We have a job that periodically auto-files issues if there are flakes or failures. I think it's limited to kubernetes/kubernetes and I'm not exactly sure how far back it looks.

is:issue org:kubernetes author:fejta-bot sort:created-desc will show you how that's being consumed or paid attention to

is:issue org:kubernetes label:kind/flake sort:created-desc if you'd like to see how these issues are dealt with overall

All 22 comments

attn:
@AishSundar @mariantalla @mortent

/milestone v1.14
/sig release

/area deflake

Prior art that exists today that you can use or build on:

  • we have a public bigquery dataset that is populated by kettle
  • one example of running against that dataset is the triage dashboard's update script
  • we also run metrics queries daily and store the results as json files, and influxdb
  • a number of these queries compute flakes
  • we have velodrome, a grafana instance, and the BigQuery Metrics dashboard shows results of those queries
  • testgrid provides a json summary file (eg: https://testgrid.k8s.io/release-master-blocking/summary) that is machine readable (with the exception of the summary, which is a string computed by an internal tool)

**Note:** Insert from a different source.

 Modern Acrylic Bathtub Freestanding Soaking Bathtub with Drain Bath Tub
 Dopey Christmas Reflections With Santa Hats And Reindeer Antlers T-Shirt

Things that I wanted to try if I had time to do this (I don't, so please, go for it)

  • figure out a way to make "is a job release blocking or not" something that could easily be queried in bigquery
  • or ignore that, and copy-paste a metric query, with a hardcoded list for "release blocking" jobs
  • copy paste a metric query, and don't filter on PR issues, but all issues
  • figure out a way to better quantify and display job and test ownership, so we could get leaderboards of sigs with best/worst pass rates or flake rates

Caveats:

  • bigquery is free to query up to the first TB, if you're playing around, I would highly recommend using the build.day and build.week tables before attempting to hit build.all

Not exactly related to flakiness, but another example of trying to tie these things together: Use testgrid + a metric output to generate a list of all test failures with links to all of the relevant testgrid dashboards https://gist.github.com/spiffxp/1e3ff608a92e8bfc0091a0b2918a11c6

It's bash and jq, so I was too ashamed to share or push it further in the test-infra repo, but hey, maybe it can be a starting point for someone

/help

@spiffxp:
This request has been marked as needing help from a contributor.

Please ensure the request meets the requirements listed here.

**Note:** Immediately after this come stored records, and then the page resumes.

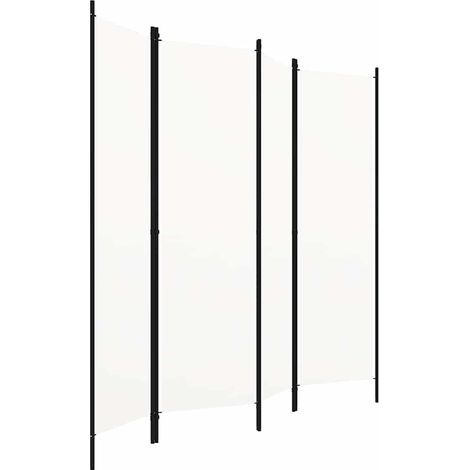Paravent Cloison de séparation 4 panneaux, Pour Jardin, Balcon, Terrasse Blanc crème 200x180 cm OIB9106E (1/5)
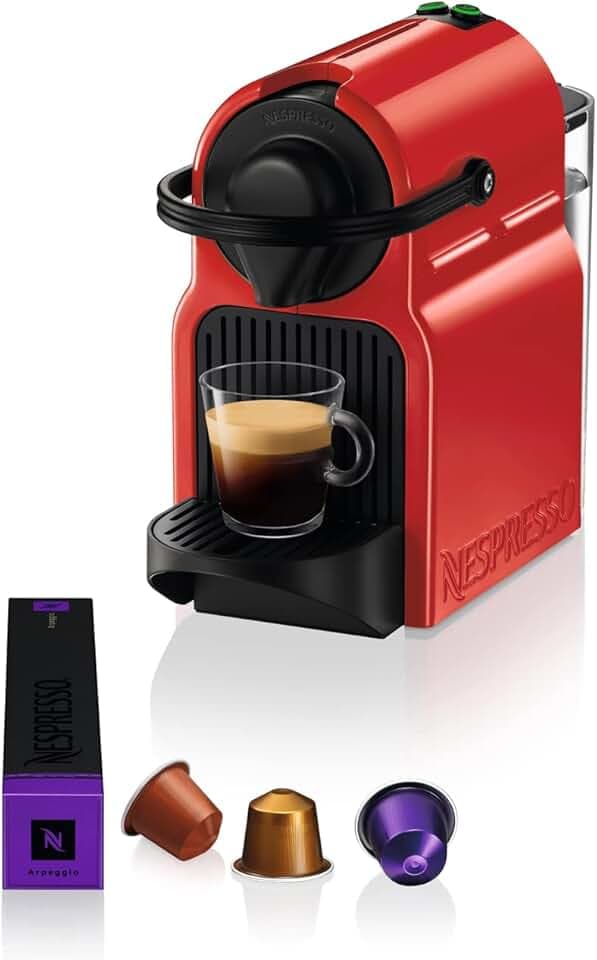 Nespresso Inissia XN1005, Macchina da caffè di Krups, 1260W, colore Ruby Red
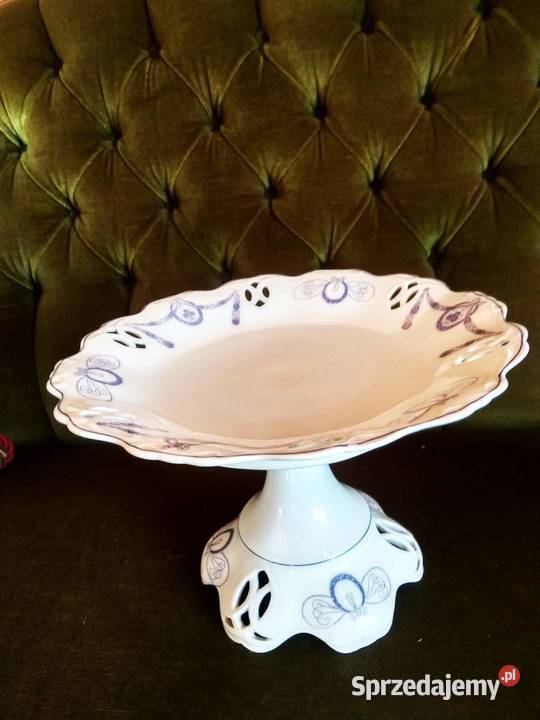 Patera na nodze z girlandą niebieską Piękna pomorskie Gdańsk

If this request no longer meets these requirements, the label can be removed
by commenting with the /remove-help command.

In response to this:

/help

Instructions for interacting with me using PR comments are available here. If you have questions or suggestions related to my behavior, please file an issue against the kubernetes/test-infra repository.

We have a job that periodically auto-files issues if there are flakes or failures. I think it's limited to kubernetes/kubernetes and I'm not exactly sure how far back it looks.

is:issue org:kubernetes author:fejta-bot sort:created-desc will show you how that's being consumed or paid attention to

is:issue org:kubernetes label:kind/flake sort:created-desc if you'd like to see how these issues are dealt with overall

FYI, I've been working on BigQuery code for this. The definition of "what is a flake" is complex in query terms. What I have as an algorithm so far is:

Flaky Jobs

  1. The job fails, then passes, then fails, then passes (blocks of failures would be assumed to be actual failures). This would be expressed as (( #status_changes / runs ) - threshold ). Initial threshold will be 3 or 4, I'm checking what that looks like now.
  2. The job fails multiple times in a row, but on a different test each time. ( #failure_test_differences / runs - threshold )

Flaky Tests

  1. Fail/pass/fail/pass works here too, but only within the same job, exempting tests on flaky jobs in category (j2)
  2. The test fails multiple times in a row, but with a different reason each time, exempting tests on flaky jobs in category (j2)
  3. NOT the test fails on some jobs but not others. There's no good way to tell if the test failure differences are due to the test being flaky, or due to job setup.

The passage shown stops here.